TRY IT:
Between the line containing "WTF is an SSD?" and the line containing "This is a brand new 2012" lies a run of lines; give that run again exactly, with both of those lines, and nothing else from the entries below.

↓↓↓

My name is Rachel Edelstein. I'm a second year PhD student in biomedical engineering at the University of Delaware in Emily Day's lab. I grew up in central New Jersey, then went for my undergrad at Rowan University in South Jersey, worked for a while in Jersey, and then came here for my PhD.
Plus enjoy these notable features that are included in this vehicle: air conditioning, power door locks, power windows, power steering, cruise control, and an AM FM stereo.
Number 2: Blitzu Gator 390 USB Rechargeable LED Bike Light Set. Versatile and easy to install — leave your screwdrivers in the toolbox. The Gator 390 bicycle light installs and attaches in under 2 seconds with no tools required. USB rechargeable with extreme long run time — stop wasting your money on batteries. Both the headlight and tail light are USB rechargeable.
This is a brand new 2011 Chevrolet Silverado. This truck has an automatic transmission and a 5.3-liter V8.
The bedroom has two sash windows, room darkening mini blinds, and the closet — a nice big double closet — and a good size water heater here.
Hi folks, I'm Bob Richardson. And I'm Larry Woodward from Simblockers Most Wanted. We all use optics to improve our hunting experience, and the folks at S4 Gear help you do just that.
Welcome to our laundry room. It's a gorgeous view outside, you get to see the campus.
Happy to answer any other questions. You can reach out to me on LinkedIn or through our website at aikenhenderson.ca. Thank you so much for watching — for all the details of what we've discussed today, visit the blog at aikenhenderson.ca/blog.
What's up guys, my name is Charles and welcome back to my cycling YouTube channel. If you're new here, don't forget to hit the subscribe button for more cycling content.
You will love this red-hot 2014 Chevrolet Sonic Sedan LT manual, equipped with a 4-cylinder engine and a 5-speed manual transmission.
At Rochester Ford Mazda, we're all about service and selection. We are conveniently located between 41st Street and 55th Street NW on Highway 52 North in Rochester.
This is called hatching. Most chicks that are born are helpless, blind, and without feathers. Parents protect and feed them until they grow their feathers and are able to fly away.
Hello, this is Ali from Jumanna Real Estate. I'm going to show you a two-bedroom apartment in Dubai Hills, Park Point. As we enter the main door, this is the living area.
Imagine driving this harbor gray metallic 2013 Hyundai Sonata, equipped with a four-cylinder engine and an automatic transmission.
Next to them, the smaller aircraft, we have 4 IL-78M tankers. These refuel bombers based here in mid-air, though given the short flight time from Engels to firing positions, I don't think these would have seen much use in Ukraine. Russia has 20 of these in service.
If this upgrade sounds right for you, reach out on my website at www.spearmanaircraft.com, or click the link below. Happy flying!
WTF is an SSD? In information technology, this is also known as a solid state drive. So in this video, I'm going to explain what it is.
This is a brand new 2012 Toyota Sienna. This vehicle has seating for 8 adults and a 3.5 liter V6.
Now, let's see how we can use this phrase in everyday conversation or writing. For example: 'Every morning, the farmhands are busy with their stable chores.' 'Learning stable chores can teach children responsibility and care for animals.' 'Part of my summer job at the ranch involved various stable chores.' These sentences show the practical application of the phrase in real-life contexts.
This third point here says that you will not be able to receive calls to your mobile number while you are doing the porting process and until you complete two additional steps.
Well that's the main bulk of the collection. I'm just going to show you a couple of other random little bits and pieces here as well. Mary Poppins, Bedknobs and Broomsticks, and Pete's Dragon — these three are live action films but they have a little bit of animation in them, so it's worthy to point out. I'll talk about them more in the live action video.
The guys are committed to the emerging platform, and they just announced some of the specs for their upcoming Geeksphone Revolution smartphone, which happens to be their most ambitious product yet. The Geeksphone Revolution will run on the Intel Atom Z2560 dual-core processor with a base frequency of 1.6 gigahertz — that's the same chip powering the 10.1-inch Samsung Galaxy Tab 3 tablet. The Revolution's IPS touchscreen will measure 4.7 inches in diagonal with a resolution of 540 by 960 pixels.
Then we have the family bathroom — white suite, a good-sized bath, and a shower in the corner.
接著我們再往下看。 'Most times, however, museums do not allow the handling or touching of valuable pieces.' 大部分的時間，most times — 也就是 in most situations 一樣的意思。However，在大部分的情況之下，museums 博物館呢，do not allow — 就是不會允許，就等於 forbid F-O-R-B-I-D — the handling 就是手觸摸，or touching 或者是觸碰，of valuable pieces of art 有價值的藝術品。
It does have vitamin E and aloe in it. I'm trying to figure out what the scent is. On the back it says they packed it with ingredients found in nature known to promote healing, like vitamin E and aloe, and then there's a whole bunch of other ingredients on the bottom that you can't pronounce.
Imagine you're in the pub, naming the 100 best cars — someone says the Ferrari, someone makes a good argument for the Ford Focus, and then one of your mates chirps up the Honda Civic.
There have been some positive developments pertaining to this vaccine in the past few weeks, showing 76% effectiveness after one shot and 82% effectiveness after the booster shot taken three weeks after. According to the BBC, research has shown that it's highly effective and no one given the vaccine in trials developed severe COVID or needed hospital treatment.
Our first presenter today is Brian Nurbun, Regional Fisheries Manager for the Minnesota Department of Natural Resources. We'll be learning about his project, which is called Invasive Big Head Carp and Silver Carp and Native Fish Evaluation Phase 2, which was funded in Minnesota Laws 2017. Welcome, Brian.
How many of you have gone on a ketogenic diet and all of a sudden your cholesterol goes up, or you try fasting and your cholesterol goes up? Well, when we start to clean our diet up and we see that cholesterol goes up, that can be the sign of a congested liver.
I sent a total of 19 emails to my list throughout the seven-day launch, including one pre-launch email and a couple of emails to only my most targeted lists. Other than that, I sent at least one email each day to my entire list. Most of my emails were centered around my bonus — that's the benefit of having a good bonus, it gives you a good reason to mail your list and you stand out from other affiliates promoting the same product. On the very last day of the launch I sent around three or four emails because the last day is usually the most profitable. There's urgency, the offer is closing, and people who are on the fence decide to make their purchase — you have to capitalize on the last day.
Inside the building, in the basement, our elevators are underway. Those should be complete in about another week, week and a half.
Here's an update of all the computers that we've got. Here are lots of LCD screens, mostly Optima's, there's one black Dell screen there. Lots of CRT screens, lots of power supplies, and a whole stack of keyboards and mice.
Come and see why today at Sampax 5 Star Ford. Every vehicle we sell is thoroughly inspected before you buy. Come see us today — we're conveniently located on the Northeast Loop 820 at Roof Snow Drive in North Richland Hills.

↑↑↑

ANSWER TO THIS PROBLEM:
WTF is an SSD? In information technology, this is also known as a solid state drive. So in this video, I'm going to explain what it is.
This is a brand new 2012 Toyota Sienna. This vehicle has seating for 8 adults and a 3.5 liter V6.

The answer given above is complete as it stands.